As with most micro switches, the position it turns on is not always the same position it turns off.

• If not using micro switches and using an IR switch with a shutter.
• The shutter used with an IR switch has a minimum width to block the light to the sensor.
• So the position will be different closing the shutter from each direction.
• Having the ability to set both positions that can Trigger the Station makes it more accurate.

I have done an Arduino Sketch to enable you to set up a Motor Driver. (In supplies above)

• This requires an Arduino to to communicate with the Motor Driver.
• The Sketch will allow you to send and receive data to and from the Motor Driver.
• The Sketch uses the USB Serial to transfer your commands via a serial monitor to the Motor Driver.
• This is the type of code you would use in your own projects to control your motors.

The Sketch uses an "X" command, similar to what we have for the Motor Driver.

• The "X" command does not go to the Motor Driver, it is used to tell the Arduino to get data from the Motor Driver.
• The Arduino will then use the data received to show the information we need.
• When writing code for your own project, you will use the code within the "X" command to get information.

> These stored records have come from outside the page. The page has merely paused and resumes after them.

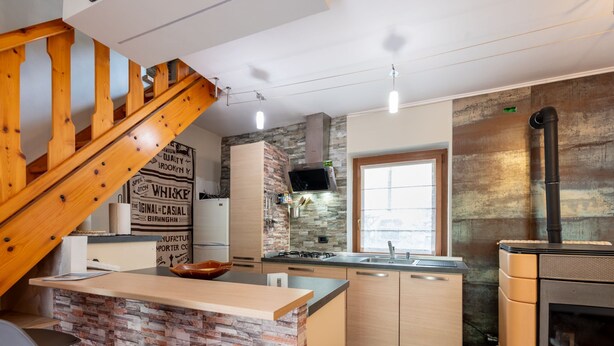 Una cocina moderna con una isla central, una escalera de madera y un estufa de leña integrada.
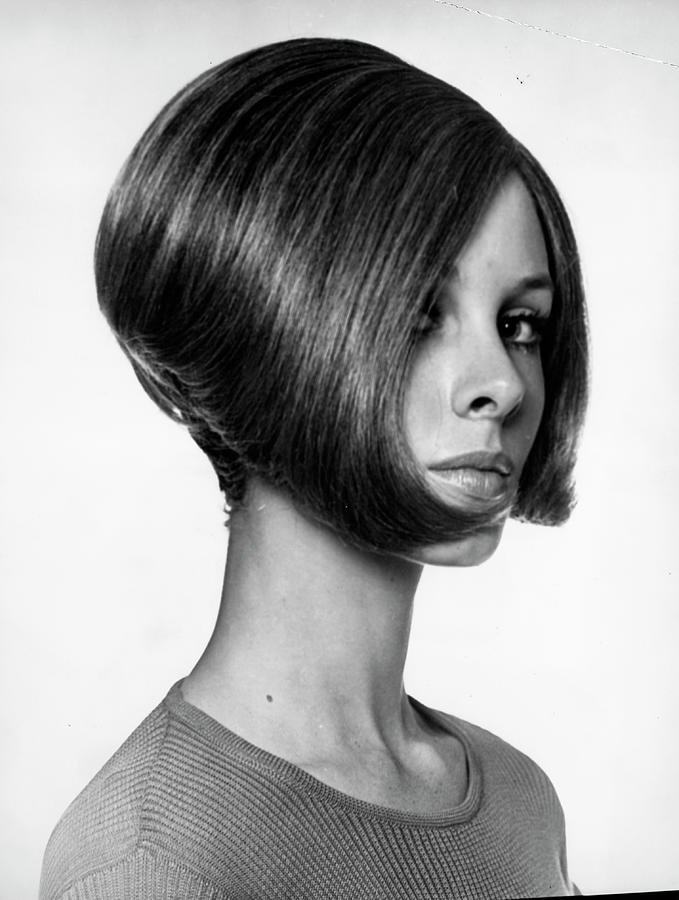 Portrait Of Woman With Modern Haircut Photograph by George Marks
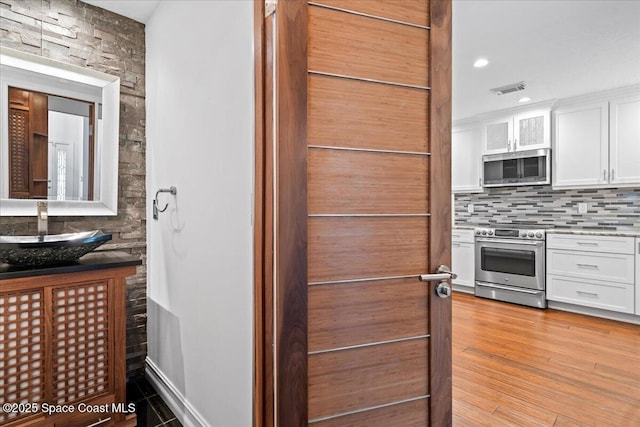 interior space featuring vanity, tasteful backsplash, and hardwood / wood-style flooring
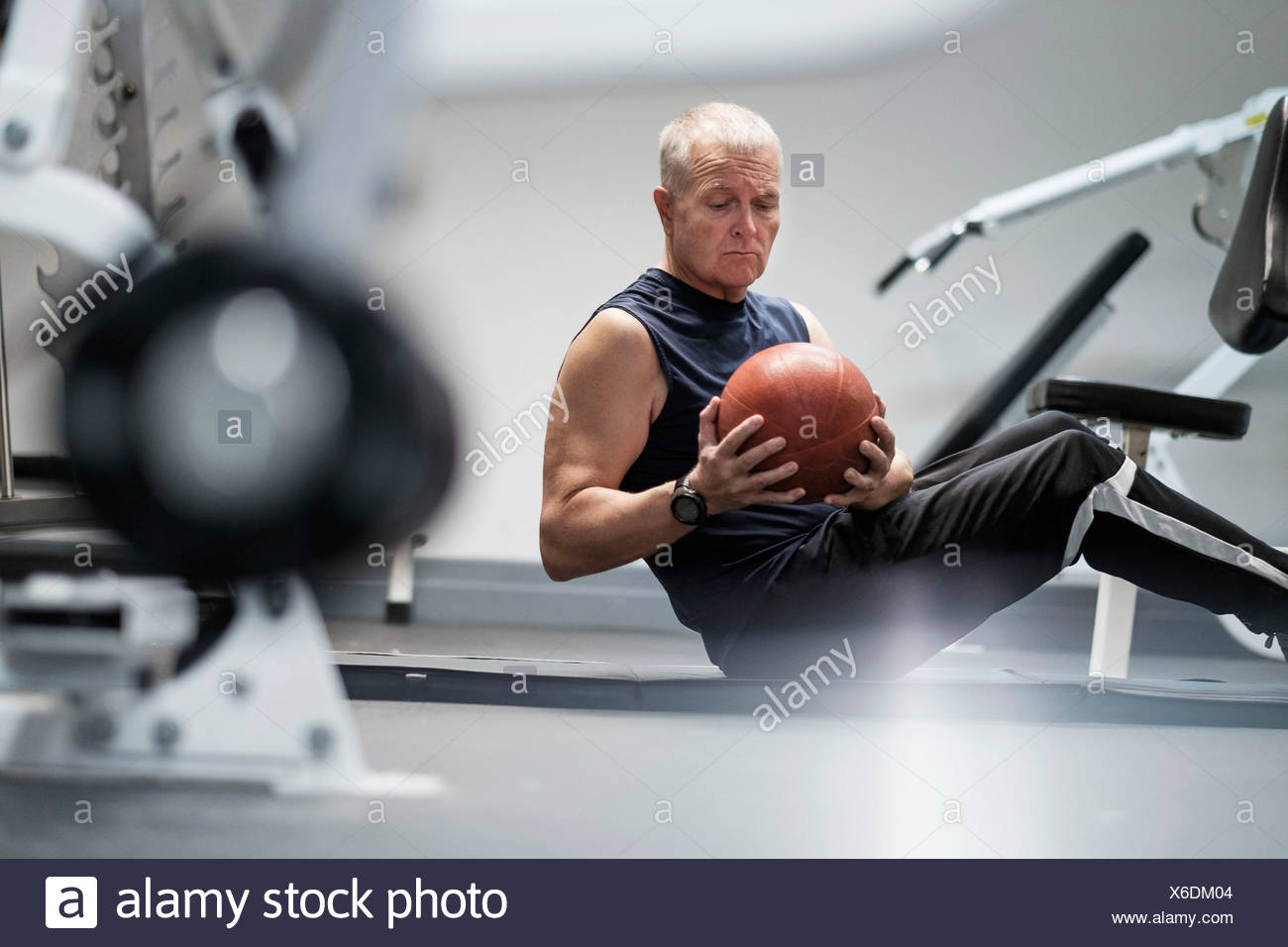 Man in health club exercising with ball Stock Photo
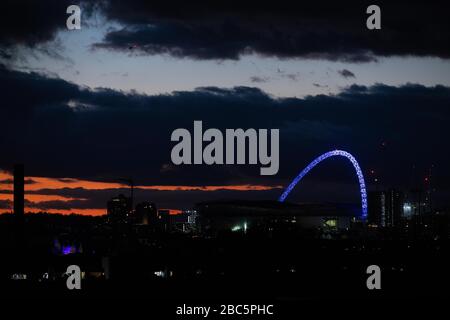 London, UK. 02nd Apr, 2020. The iconic Wembley Stadium arch lit up blue to celebrate frontline NHS workers as part of the Clap for Carers event. Credit: David Parry/Alamy Live News Stock Photo
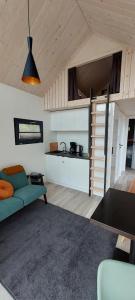 uma sala de estar com um sofá azul e uma cozinha em De Kapschuur em Stadskanaal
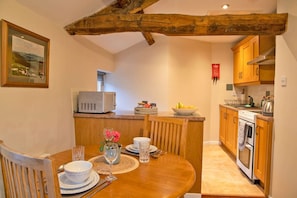 A cozy kitchen with wooden cabinets, a built-in oven, and a dining area with a wooden table set for two.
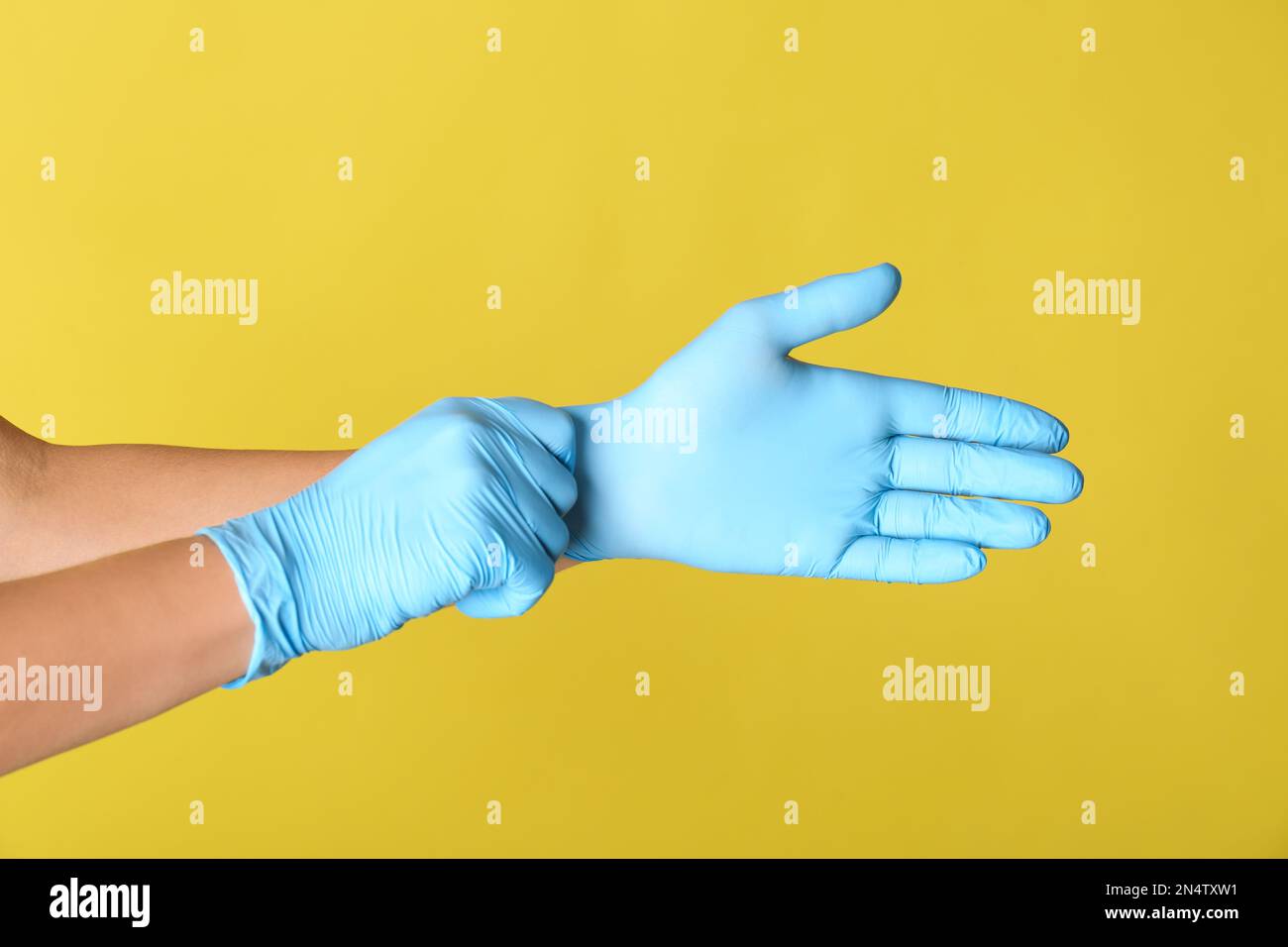 Putting on latex gloves yellow hi-res stock photography and images - Alamy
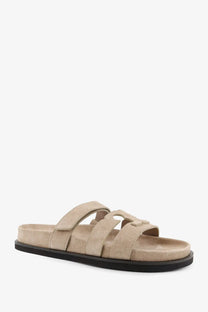 Beige suede tory burch womens ines low slide sandal with black rubber sole and three overlapping straps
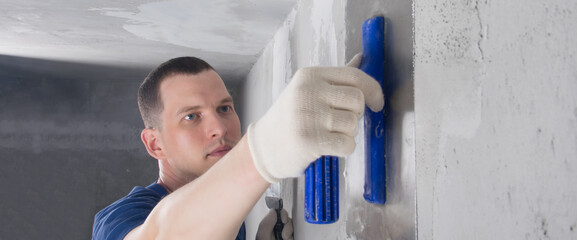 Obraz premium master protective gloves for repair of concrete walls, zashpaklevyvaem the junction of wall ceiling, close-up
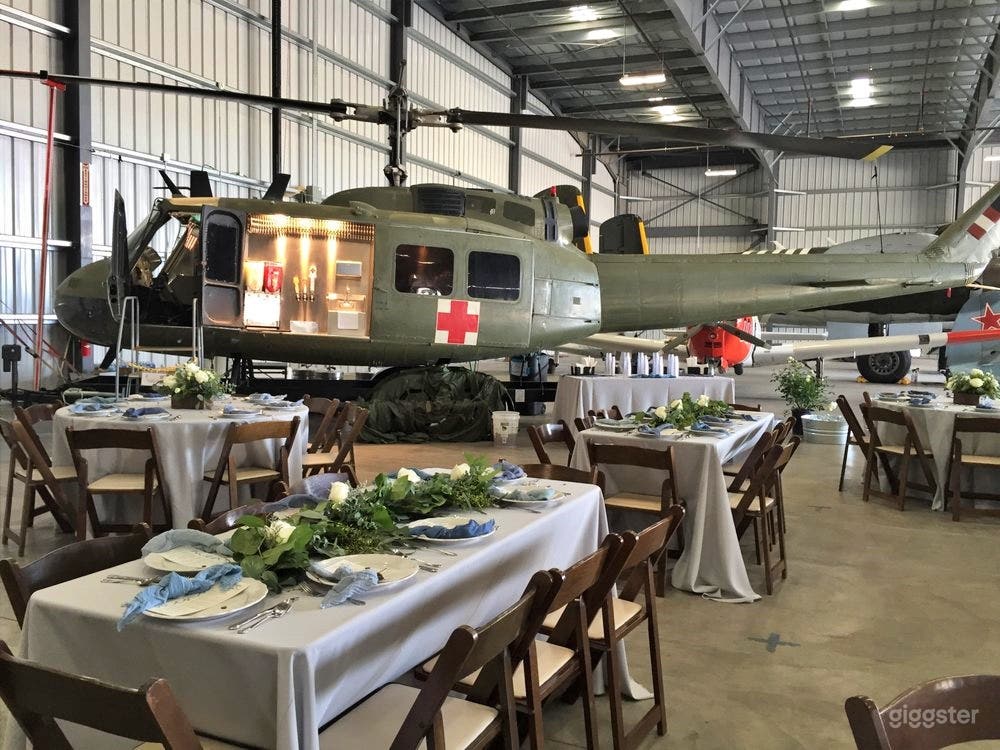 Versatile Hangar Space with Planes Photo 3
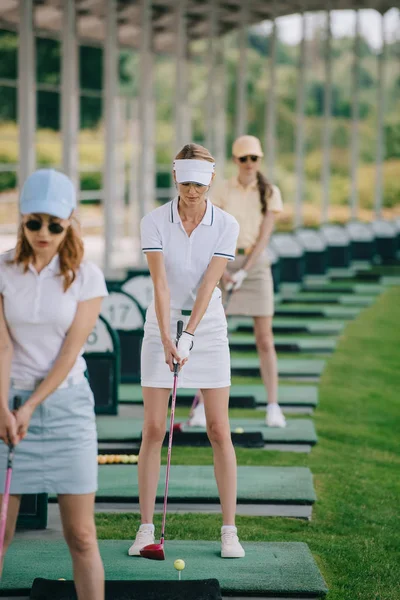 Selective focus of focused female golfers playing golf at golf course — Stock Photo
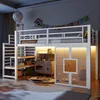 A children's loft bed with integrated play kitchen and storage, illuminated by LED lights. Produktbild-Vorschau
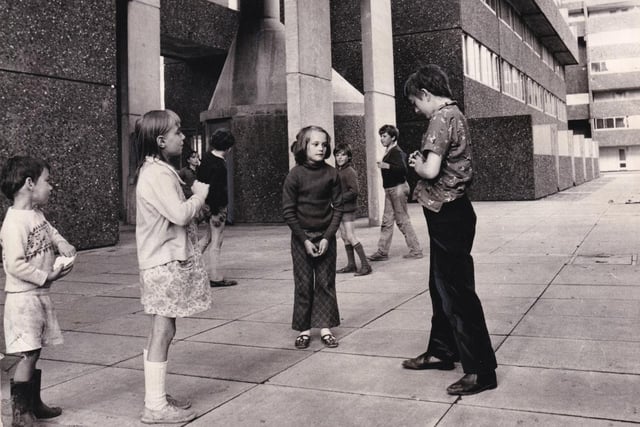 Child play in the shadow of Leek Street flats in August 1971.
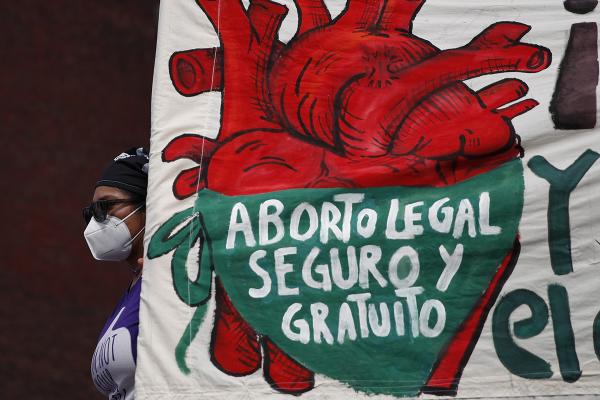 Mexican woman with sign: "Legal, Safe and Free Abortion."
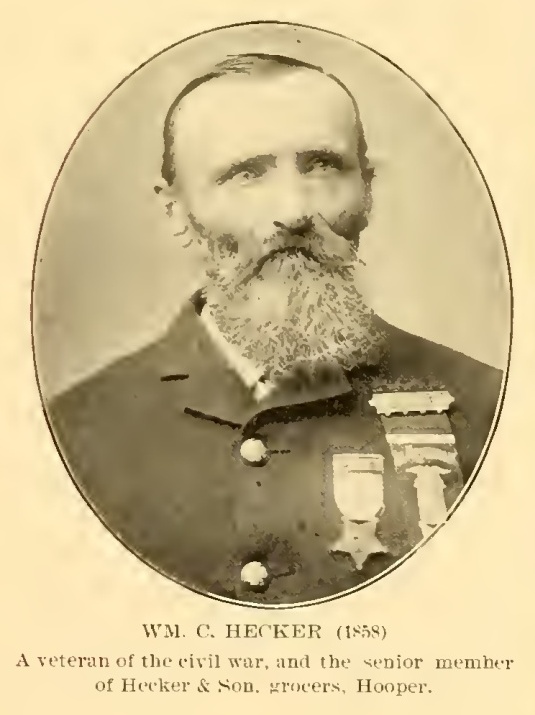 William C. Hecker, shown with the original caption identifying Hecker and Son, grocers in Hooper.
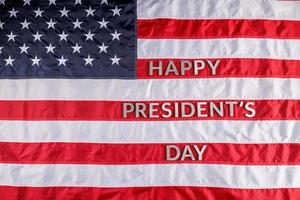 words happy presitdents day laid with real letters on US flag surface photo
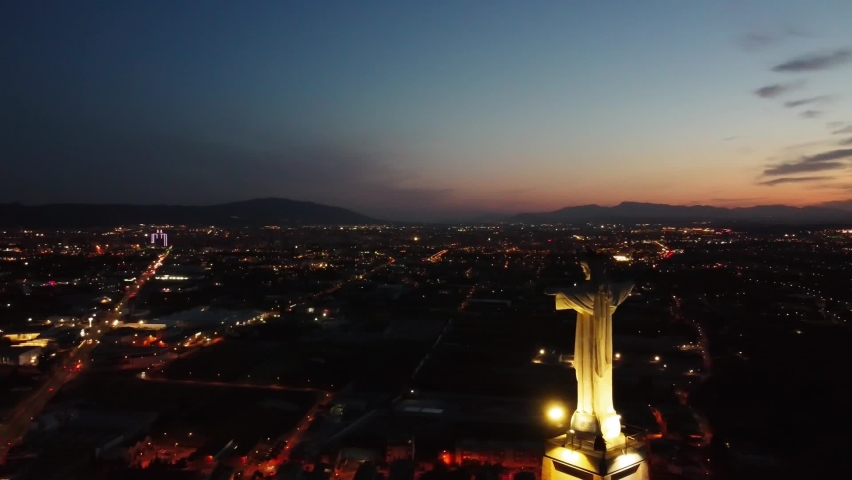 Aerial drone view of Monteagudo Christ castle at night against  sunset and Murcia cityscape in Spain. Replica  of the Christ located on the top of the Concorvado Mountain in Rio de Janeiro dron shot. Royalty-Free Stock Footage #1095210277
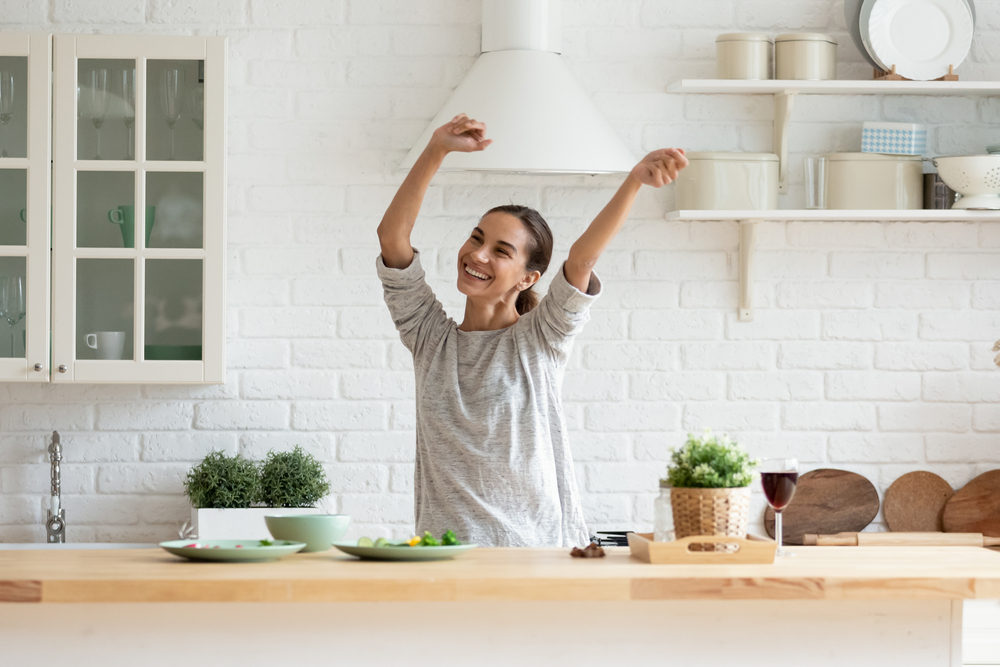 Happy woman in remodeled kitchen (How to Remodel a Kitchen (and How to Get Help))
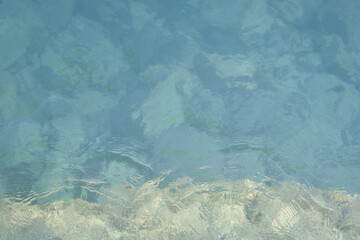 Water surface with ripples in daylight with different shades of colors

To show the best potential of the Motor Driver I will be Using the Scenario [Quadrature Encoder]

• You can wire up the other Scenarios if you like.
• All can be wired.
• I will be using my next partially built project, I have been working on the Motor Driver before going further with it.(We have to make sure something is going to work before the next stage, right!)

I have made a flow chart to show a typical setup.

I will be doing an Instructable for the Robotic Arm once it is completed, but there is so much to it, some of the things I am making are projects in them selves.

This is the first stage of my Robot Arm.

• At this stage I was testing out my New Motor Drivers to make sure all worked as I hoped.
• In the video the first 16 minutes is testing the Drivers.
• After 16 minutes I just added some information about some difficulties I found about the "Arduino NANO 33 IoT", It will only be of interest to those that have an "Arduino NANO 33 IoT".

I thought I would just add this video so that you could visualize where this is going.